Alfa is completely in error regarding the existance of the claim going forward as yes, it still does exist. To what degree is an unanswered question. He assumes that the "process" has stopped now for AA pilots and that is also in error. His conclusion that the "only way to go" based on his errors and assumptions of his multiple posts has lead him to the worst conclusion for AA pilots possible, one devoid of any options, hope or abilities for perhaps a decade and all for 30 pieces of silver (more likely 30 pieces of paper stock), so any thoughts on small jets from him, I expect to be more crapola as well.

Claiming his opinion is correct and seeking more of it is like commending the paper boy's smarts for delivering a paper that has the latest stock market increase and asking his advise on future investing because of it.

What now ?

Well, from what I've heard, the parties will be meeting with judge Lane prior to the 1PM Sept. 4 hearing at his request (perhaps that very morning). WHAT he is going to say to all the parties is not yet known, but it's my understanding that many want a concensual agreement and don't want this apple cart to be tipped over (you rarely get all your apples back when that happens). AMR has refiled their 1113 with "corrections" and is requesting the judge to re-rule on the motion. However, it's my understanding (but I could be wrong) that once an 1113 is denied (regardless of the reasoning), that the 1113 "process" must restart as opposed to being "continued", that being a new 14-21 day expedited process. An expedited process would allow the reintroduction of any new information to compare against the competition to ensure what is demanded is necessary and doesn't produce an unfair competitive advantage and in fact, the APA sent AMR a letter requesting just such information of their latest assessment of all the recent developments both within AMR and their plan, what's occuring at the competition relating to pilot compensation and financial evaluations of their demands in order to ensure what is being demanded is in fact, necessary for successful reorganization and all parties are being treated fairly and equitably.

AMR has requested the court to dismiss any such re-starting of the process and wants an immeadiate ruling using all past testimony and evidence as it being already argued and ruled upon.

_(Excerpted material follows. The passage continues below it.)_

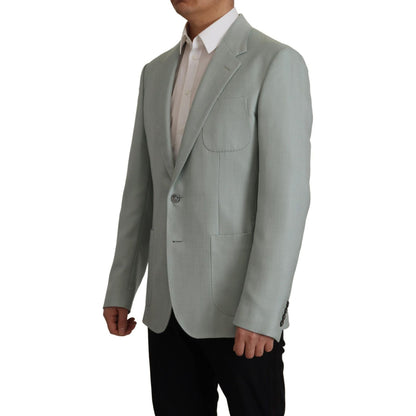 Dolce & Gabbana Light Green Cashmere Silk Blazer Dolce & Gabbana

Desireable, yes, but from what I understand, that is not what the process provides for once an 1113 is rejected. To me, that would seem to imply the debtor is now re-writing bankruptcy law to their advantage. At any rate, I'd expect little likelyhood of any bombshells until Sept. 4, any meetings, the hearing and what judge Lane does.
For some reason you seem to be offended by Alpha's (among others) analysis...I think in the end however he will be proven to be quite accurate, unfortunately. I hope I am incorrect and you prevail in improving your standing in the court...and not mired in the LCC quagmire.